Я ответил, что в партии есть много даровитых работников, которые до сих пор не участвовали в терроре. Я хочу верить, что в такой исключительный момент они по собственному желанию войдут в Боевую организацию. Я назвал имена. Я прибавил, однако, что я боюсь, что Центральный комитет не разрешит им уйти от общепартийной работы.
Азеф сказал:
– Центральный комитет разрешит, но они сами не пойдут в террор.
Гершуни задумался.
– А что, – сказал он, – если они действительно в террор не пойдут?
Я сказал:
– Тогда мой план неосуществим. Мы трое не можем руководить организацией из пятидесяти человек.
Гершуни задумался опять.
– А при прежней форме организации, – спросил он, – вы считаете террор невозможным?
– Я никакой ответственности за такой террор взять не могу.
– И в нем участвовать не желаете?
– Не только не желаю, но и не могу. Не веря в успех, я не могу звать людей на террор. Зная, что организация по самому методу и по своим формам обречена на бессилие, я принимать участие в руководительстве ею считаю для себя невозможным.
Азеф сказал:
– Твой план практически неосуществим – не хватит людей и денег. Кроме того, неизбежно будет провокация.
Я сказал:
– Предложи свой план взамен моего.
Азеф пожал плечами.
– Я не знаю. Я знаю только, что нужно работать.
Гершуни молчал. Я обратился к нему:
– А вы?
– Я тоже не знаю. Но тоже думаю, что нужно работать.
Я сказал тогда, что готов участвовать в любом предприятии, которое мне покажется осуществимым, но что я считаю противным своей революционной совести и террористическому убеждению ангажировать людей в террор, не видя возможности осуществить его.
По этому поводу Азеф впоследствии мне писал следующее: «…Нужно прямо ехать, исходя из положения, что надо напрячь все силы для создания того, что нужно, т. е. стать на точку зрения, на которой я стою и которую я тебе изложил… Относительно нравственного права ангажировать и т. д. скажу, что, когда я буду ангажировать, я надеюсь, что я буду иметь и нравственное право это делать, пока же я могу только напрячь силы для создания… и т. д. Ты пишешь, что я стараюсь вдохнуть в тебя веру в мертворожденное дело. Не знаю, из чего ты взял, что я стараюсь вдохнуть в тебя веру. Я очень далек от этого и, наоборот, думаю, что при полном отсутствии веры в дело, каковое проглядывает в твоем письме, ехать не следует, – это я говорю совершенно по-товарищески» (письмо из Мюнхена, 24-IX-07).
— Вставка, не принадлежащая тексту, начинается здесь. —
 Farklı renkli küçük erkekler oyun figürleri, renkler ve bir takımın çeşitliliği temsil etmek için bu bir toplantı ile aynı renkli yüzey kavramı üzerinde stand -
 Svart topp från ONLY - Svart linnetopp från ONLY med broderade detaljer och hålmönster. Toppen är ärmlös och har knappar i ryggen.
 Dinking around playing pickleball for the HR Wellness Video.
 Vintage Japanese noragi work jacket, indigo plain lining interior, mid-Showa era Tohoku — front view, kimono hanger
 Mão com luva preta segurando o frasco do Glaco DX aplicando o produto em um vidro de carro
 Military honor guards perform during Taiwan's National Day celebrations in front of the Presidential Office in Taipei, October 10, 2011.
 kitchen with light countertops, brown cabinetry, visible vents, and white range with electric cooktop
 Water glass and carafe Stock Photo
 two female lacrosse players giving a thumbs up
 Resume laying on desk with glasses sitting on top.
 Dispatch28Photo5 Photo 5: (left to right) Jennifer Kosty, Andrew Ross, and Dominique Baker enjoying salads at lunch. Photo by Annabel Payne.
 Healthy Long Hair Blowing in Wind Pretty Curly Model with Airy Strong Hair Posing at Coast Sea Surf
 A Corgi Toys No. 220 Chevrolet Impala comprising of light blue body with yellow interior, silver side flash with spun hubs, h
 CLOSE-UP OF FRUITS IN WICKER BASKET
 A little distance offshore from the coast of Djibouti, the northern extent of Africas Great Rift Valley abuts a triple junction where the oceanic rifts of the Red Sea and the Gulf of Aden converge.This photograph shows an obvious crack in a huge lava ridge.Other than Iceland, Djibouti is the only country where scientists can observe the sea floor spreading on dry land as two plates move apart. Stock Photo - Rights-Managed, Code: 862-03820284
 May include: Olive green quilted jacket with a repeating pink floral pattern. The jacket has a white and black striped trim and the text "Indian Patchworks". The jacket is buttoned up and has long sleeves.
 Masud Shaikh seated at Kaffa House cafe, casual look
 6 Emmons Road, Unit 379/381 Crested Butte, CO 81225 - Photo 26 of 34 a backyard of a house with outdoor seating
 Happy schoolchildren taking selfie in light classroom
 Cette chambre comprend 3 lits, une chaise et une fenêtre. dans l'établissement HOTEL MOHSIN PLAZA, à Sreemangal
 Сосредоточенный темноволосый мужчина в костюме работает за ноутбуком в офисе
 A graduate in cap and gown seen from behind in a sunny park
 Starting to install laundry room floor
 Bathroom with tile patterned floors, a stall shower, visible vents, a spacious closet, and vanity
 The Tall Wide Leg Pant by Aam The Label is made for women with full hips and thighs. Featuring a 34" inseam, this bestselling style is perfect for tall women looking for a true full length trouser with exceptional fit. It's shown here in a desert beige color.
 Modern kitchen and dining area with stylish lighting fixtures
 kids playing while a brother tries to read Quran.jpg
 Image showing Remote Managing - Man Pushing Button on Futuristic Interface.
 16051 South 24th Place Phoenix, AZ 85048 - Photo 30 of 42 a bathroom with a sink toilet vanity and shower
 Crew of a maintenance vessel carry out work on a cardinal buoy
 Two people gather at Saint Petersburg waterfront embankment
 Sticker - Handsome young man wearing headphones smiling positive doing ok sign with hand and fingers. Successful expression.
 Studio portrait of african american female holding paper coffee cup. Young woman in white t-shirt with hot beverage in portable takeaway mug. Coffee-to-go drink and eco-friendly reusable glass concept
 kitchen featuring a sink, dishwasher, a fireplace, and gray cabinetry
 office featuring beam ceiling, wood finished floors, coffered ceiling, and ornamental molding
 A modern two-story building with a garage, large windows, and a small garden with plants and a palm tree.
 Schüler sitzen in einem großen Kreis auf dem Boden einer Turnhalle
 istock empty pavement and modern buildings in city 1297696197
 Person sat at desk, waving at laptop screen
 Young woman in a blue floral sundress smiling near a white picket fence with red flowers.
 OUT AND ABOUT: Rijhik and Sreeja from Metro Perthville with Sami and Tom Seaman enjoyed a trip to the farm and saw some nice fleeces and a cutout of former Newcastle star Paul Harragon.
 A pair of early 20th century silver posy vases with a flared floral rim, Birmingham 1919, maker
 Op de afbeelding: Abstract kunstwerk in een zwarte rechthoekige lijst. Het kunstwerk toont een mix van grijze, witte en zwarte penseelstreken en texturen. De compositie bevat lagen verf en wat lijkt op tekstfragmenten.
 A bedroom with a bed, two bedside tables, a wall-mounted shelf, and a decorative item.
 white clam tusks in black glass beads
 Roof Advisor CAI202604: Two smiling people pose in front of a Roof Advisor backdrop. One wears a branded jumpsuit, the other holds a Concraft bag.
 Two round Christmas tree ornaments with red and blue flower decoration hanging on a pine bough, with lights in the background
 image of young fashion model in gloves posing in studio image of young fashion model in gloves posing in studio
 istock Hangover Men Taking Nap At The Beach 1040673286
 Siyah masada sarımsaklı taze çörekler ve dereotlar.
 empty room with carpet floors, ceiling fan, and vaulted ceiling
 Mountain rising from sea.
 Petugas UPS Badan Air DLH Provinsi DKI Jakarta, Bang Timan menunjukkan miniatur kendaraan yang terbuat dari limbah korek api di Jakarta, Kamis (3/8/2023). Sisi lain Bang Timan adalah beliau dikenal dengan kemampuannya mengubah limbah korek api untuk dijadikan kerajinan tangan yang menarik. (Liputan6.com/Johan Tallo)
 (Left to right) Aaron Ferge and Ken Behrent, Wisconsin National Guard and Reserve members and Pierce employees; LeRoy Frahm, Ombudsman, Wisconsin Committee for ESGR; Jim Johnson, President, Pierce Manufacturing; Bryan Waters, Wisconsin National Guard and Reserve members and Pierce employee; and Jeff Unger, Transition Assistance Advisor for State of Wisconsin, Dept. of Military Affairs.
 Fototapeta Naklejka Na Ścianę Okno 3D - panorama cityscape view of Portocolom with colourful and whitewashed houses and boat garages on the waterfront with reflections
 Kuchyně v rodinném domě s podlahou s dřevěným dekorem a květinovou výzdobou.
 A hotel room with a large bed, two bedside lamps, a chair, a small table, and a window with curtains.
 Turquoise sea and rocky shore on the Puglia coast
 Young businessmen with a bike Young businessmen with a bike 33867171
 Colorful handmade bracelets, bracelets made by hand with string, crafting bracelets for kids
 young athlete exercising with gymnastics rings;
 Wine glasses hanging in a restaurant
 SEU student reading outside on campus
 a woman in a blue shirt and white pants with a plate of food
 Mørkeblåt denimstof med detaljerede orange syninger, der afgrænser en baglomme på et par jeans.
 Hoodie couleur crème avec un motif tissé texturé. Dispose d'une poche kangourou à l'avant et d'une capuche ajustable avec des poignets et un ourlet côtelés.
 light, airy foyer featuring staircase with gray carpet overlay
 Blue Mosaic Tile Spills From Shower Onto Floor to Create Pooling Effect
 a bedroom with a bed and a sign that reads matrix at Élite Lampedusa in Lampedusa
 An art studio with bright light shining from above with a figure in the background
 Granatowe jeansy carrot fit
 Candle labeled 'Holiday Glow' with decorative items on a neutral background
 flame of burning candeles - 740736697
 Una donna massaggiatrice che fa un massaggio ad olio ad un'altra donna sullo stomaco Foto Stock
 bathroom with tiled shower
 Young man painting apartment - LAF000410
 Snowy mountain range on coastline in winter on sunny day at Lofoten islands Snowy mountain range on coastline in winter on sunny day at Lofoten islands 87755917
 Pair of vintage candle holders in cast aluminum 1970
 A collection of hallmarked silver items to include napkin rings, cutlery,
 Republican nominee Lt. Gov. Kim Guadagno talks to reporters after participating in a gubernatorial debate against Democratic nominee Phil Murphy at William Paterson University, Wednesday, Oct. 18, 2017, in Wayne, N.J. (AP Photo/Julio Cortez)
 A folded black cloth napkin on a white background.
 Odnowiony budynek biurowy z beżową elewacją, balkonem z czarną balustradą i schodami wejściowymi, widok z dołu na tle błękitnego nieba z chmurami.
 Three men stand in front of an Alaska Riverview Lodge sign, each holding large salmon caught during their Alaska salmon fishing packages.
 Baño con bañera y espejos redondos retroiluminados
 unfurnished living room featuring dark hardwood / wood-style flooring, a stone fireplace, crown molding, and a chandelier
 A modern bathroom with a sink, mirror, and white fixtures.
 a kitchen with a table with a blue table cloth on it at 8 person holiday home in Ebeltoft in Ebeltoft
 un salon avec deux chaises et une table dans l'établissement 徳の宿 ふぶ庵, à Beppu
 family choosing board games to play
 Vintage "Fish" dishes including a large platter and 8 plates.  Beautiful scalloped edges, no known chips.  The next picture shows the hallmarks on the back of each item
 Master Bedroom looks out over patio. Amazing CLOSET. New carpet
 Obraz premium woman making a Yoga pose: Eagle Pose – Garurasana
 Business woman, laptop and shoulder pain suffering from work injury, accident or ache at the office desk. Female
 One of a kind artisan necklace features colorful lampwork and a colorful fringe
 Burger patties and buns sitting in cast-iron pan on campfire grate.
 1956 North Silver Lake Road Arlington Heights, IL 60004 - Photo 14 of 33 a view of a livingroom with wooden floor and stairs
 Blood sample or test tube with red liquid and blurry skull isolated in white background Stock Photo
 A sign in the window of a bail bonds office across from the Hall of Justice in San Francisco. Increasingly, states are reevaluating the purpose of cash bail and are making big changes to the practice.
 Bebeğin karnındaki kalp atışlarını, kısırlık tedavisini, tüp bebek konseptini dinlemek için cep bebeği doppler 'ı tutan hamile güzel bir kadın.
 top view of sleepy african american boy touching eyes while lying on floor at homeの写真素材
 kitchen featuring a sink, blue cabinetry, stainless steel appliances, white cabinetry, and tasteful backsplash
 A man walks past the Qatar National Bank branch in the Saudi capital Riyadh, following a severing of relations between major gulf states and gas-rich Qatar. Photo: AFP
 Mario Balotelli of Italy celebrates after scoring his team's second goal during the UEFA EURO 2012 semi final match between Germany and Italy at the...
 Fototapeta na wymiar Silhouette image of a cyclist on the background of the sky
Несмотря на заключительные слова цитированного отрывка, Азеф стал на такую же точку зрения в этом вопросе, на какую стали Г. А. Гершуни, В. Н. Фигнер и очень многие уважаемые мною члены партии. Они находили, что долг террориста – при всяких обстоятельствах и при каких угодно условиях работать в терроре и что я, отказываясь принять участие в боевой работе, не исполняю своего долга. Я не мог согласиться с ними в этом их рассуждении. Наоборот, я считал, что я бы не исполнил своего долга, если бы не указал товарищам и Центральному комитету, что, по моему мнению, возврат к старым формам террористической борьбы ни в коем случае не даст надежды на успех. Я считал также, что я бы совершил преступление, если бы ангажировал на террор людей, доверяющих моему практическому опыту, не веря сам в возможность успеха. Мой план Боевой организации был отвергнут и Гершуни, и Азефом. Ни Гершуни, ни Азеф не наметили другого, более практичного. Предприятие Бухало затягивалось. Оставалось вернуться к тому, что уже доказало свою непригодность. Я считал это нецелесообразным и для себя морально недопустимым: если бы я даже отказался от руководящей роли и предложил себя в исполнители, то самый факт моего пребывания в организации возлагал бы на меня ответственность как за ее деятельность, так и за товарищей, принявших участие в ней по доверию к Гершуни, Азефу и ко мне.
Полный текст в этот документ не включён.